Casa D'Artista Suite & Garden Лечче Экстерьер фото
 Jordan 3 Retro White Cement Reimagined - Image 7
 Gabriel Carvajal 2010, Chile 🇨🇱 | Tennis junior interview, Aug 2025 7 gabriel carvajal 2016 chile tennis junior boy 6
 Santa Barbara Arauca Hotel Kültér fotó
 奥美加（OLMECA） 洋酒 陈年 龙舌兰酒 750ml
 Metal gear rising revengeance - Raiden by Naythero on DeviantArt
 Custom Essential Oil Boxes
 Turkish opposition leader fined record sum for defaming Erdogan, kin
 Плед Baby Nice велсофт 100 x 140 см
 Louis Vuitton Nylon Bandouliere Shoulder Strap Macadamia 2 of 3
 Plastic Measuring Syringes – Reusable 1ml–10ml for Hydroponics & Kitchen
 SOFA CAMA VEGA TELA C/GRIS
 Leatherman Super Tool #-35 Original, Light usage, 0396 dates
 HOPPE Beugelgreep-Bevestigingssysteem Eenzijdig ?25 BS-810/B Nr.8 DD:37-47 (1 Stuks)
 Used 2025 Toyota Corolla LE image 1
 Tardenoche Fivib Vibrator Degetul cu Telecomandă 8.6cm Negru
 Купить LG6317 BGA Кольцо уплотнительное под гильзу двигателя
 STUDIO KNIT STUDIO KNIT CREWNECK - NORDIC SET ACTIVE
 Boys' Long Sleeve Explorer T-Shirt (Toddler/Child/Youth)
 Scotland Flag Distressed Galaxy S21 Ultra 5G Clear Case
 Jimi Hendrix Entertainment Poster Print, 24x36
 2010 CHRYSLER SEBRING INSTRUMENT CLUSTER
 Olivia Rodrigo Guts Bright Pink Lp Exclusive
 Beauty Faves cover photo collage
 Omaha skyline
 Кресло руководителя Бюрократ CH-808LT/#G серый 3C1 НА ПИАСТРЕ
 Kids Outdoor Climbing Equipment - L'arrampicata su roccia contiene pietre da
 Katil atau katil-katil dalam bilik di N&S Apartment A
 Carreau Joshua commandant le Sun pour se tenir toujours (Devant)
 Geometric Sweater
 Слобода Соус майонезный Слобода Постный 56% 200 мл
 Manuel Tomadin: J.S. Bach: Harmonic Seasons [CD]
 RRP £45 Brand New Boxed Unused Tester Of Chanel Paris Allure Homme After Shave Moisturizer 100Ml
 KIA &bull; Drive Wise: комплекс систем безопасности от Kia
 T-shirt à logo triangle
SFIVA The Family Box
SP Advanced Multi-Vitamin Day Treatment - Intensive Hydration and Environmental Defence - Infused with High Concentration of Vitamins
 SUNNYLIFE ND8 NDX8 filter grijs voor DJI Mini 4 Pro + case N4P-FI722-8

——————

Starting at the top of the data above, repeat every line exactly until the line containing "Leatherman Super Tool" has been given, then stop.

Casa D'Artista Suite & Garden Лечче Экстерьер фото
 Jordan 3 Retro White Cement Reimagined - Image 7
 Gabriel Carvajal 2010, Chile 🇨🇱 | Tennis junior interview, Aug 2025 7 gabriel carvajal 2016 chile tennis junior boy 6
 Santa Barbara Arauca Hotel Kültér fotó
 奥美加（OLMECA） 洋酒 陈年 龙舌兰酒 750ml
 Metal gear rising revengeance - Raiden by Naythero on DeviantArt
 Custom Essential Oil Boxes
 Turkish opposition leader fined record sum for defaming Erdogan, kin
 Плед Baby Nice велсофт 100 x 140 см
 Louis Vuitton Nylon Bandouliere Shoulder Strap Macadamia 2 of 3
 Plastic Measuring Syringes – Reusable 1ml–10ml for Hydroponics & Kitchen
 SOFA CAMA VEGA TELA C/GRIS
 Leatherman Super Tool #-35 Original, Light usage, 0396 dates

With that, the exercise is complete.